News Column

Finding an Edge in the Job Market

June 19, 2013

Juan Baron

Juan Baron, Northwestern Mutual
Juan Baron, Northwestern Mutual

Companies are starving for diverse talent. Meanwhile, the Hispanic population grew four times faster than the national rate between 2000 and 2010, according to the U.S. Census Bureau.

Business owners have begun to recognize the value of recruiting candidates with linguistic, cultural and personal connections to the U.S. Hispanic community.

However, while being Hispanic can make you a competitive candidate, there are many other key elements to winning the position of your dreams. Individuals who are prepared, involved and informed have the greatest opportunity to succeed.

Referrals are the name of the game
A study conducted last year by the Federal Reserve Bank of New York determined that referred candidates have a 40 percent better chance of getting hired than nonreferrals.

When seeking out a new position, job seekers should look within personal networks to identify potential opportunities. For example, face-to-face meetings over coffee tend to gain more traction for candidates than blindly posting resumes to job search websites, which are limited in their ability to sell a job seeker's personality.

Community involvement
Even if a company has a global reach, it is likely to maintain connections on a smaller, local level. Get involved in the nearest chamber of commerce or a local nonprofit. Community involvement illustrates the diversity of a candidate's talents to potential employers while providing additional networking opportunities.

Be interview ready
The work done in advance to prepare for an interview can make a candidate stand out. The ability to speak to personal strengths can contextualize a candidate's value beyond the interview to the company as a whole.

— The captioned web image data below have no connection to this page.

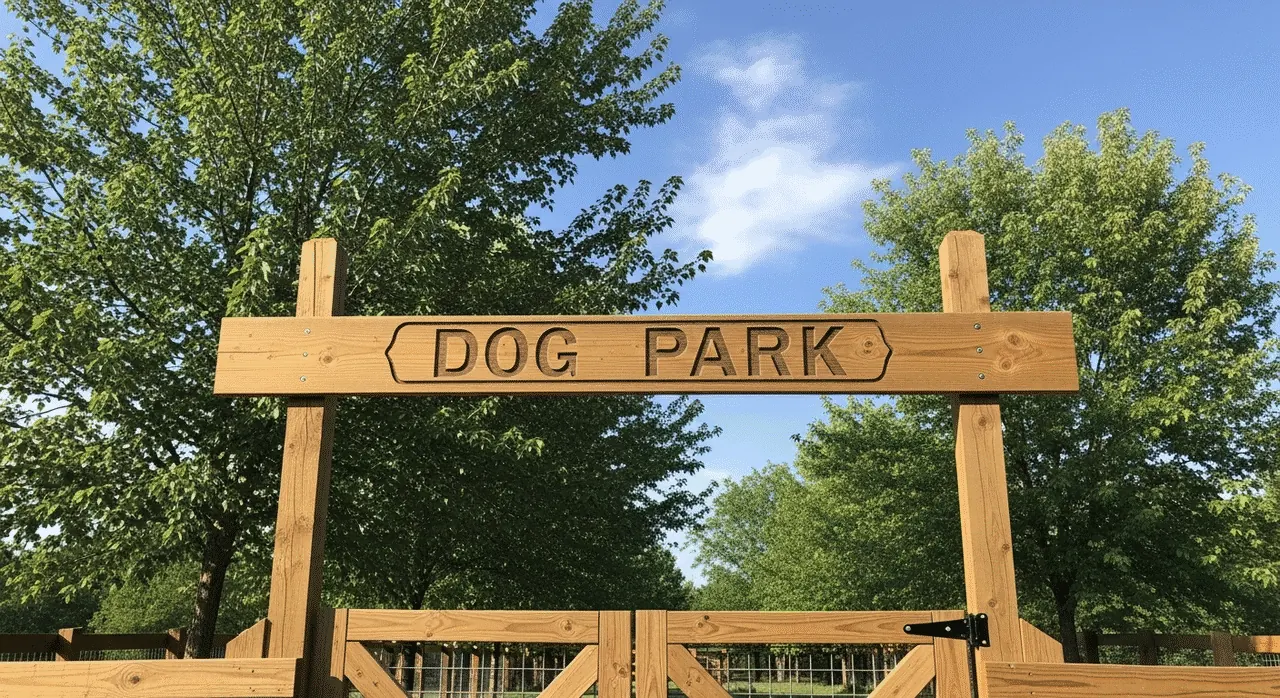 A dog park rules sign mounted near the double-gated entry of a public off-leash park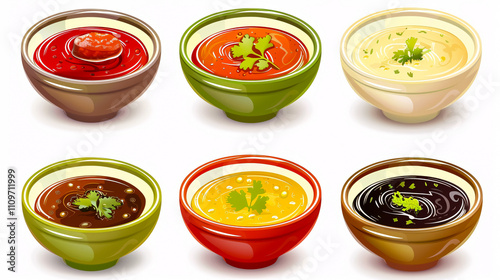 Wallpaper Mural Sauces in Bowls: Set of tasty sauces in bowls isolated on a white background, highlighting a variety of sauces. Torontodigital.ca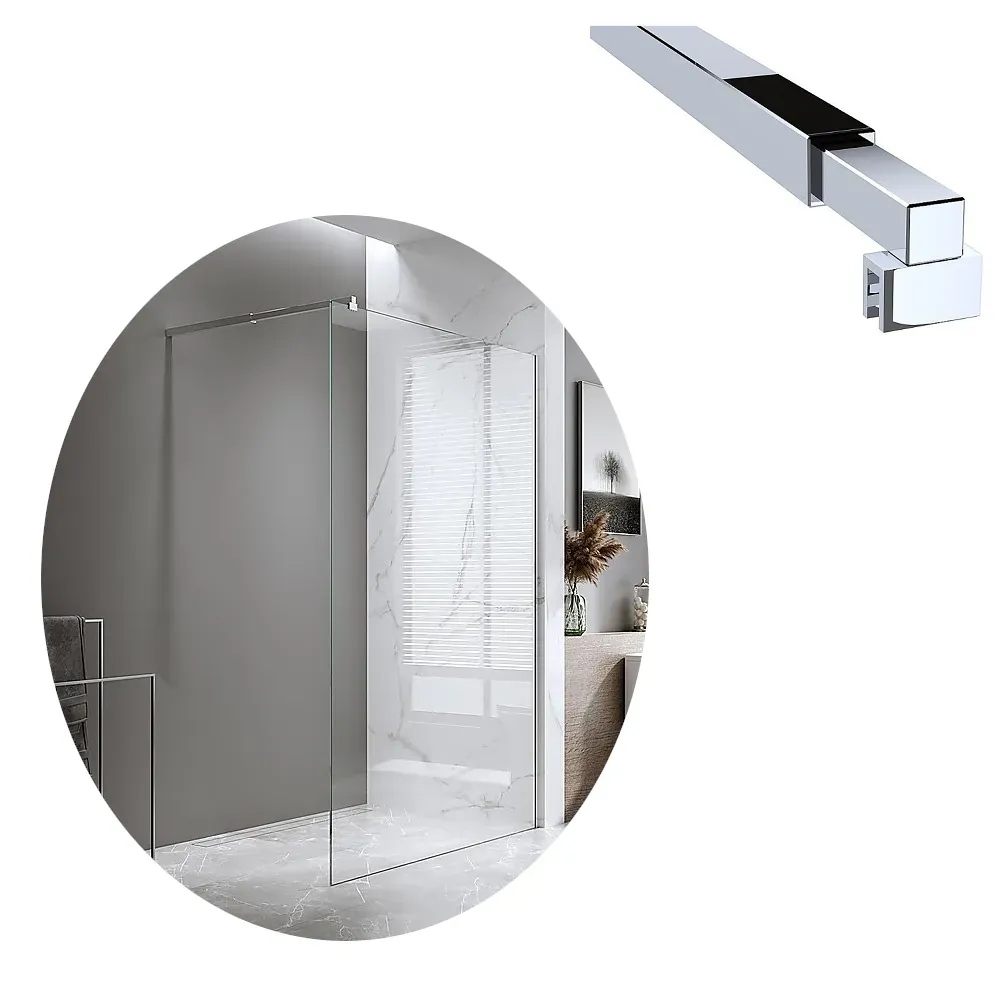 Della Francesca 100X200cm Single Shower Glass Screen With Chrome Wall Channel & Square Pole Shower Enclosures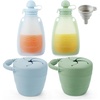 PandaEar 2 Pack Baby Food Pouches & 2 Pack Snack Containers, Reusable Silicone Squeeze Pouches & Collapsible Toddler Snack Cups for Toddler Kids -Blue&Green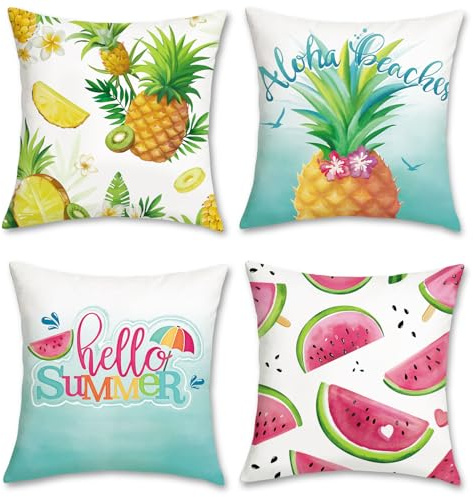 Bonhause 4er Set Kissenbezüge Sommer Früchte 45 x 45 cm Wassermelone Ananas Samt Soft Dekorative Kissenhülle Zierkissenbezüge für Sofa Zuhause Patio Dekoration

Also, know the company being applied to. Talking about being a good fit for the company is more impactful when the values and mission of the business are known and understood.
Offer solutions, and don't be negative when discussing past work history. Instead, use the opportunity to underscore problem solving skills that have been employed to help resolve a situation.

Don't underestimate the power of questions. Read the interviewer and keep them engaged by balancing personal responses with questions about projects and the work environment.

Being Hispanic is an asset in the current job market. Recognizing the benefits this connection offers can help job seekers find a good career fit. Most importantly, however, you can improve your chances of success with in-person networking, community involvement and well-honed interview skills to get from interviewee to short-list candidate.

Juan Baron is a wealth management adviser and the managing director for Northwestern Mutual in West Los Angeles. Baron serves on the board of managers for the Westside Family YMCA and the board of directors for the Inland Empire Latino Lawyers Association Inc. Baron is a certified financial planner, a chartered life underwriter and a chartered financial consultant.